En plus de fouler les lieux de l’origine, Yammie réussit enfin à créer un contact réel avec ses élèves. À ses yeux, l’approfondissement de leur relation se manifeste de la façon la plus évidente par la manière dont ils s’adressent à elle. Tandis que, jusqu’alors, ils l’avaient toujours appelée « madame », distance salutaire précise-t-elle au début du livre, ils se mettent désormais à l’interpeler par son prénom. Plus que l’expression d’une proximité nouvelle, ce changement témoigne d’une évolution dans l’identité de la narratrice. Ce prénom contient qui elle est. Pour chaque participant de la classe de neige, ce voyage est l’occasion d’une découverte d’eux-mêmes :

Nous étions ailleurs, très loin des livres et des bureaux. Très loin des réseaux sociaux et des commérages de la réserve. Très loin de la souffrance et des drames familiaux. Plus loin encore que tous les endroits où j’avais déjà posé les pieds. Et pourtant nous étions si prés. Si près de soi. (Fontaine, p. 106)

Ainsi, l’expérience d’enseignante de Yammi et sa quête identitaire sont inextricables, comme, au fond, elles le sont toujours.

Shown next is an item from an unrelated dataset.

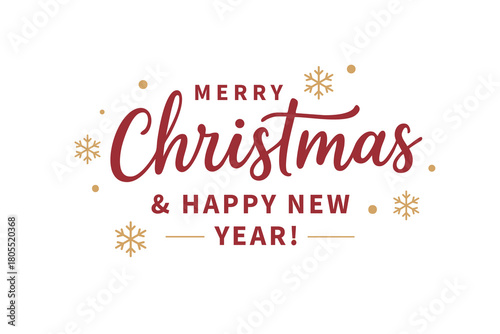 Festive Season Wishes and New Year Joy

Un des aspects les plus merveilleux et troublants de l’enseignement est qu’il ramène inévitablement vers soi, quelque distance que l’on croit conserver vis-à-vis le savoir et les étudiants. C’est une des idées importantes sur lesquelles repose l’essai Soigner, aimer d’Yvon Rivard qui, paraphrasant Jean Jaurès, écrit : « On n’enseigne pas ce qu’on sait, mais ce qu’on est. » (Rivard, p. 173) Par l’enseignement, on est aussi appelé·e à se transformer, à redéfinir qui on est.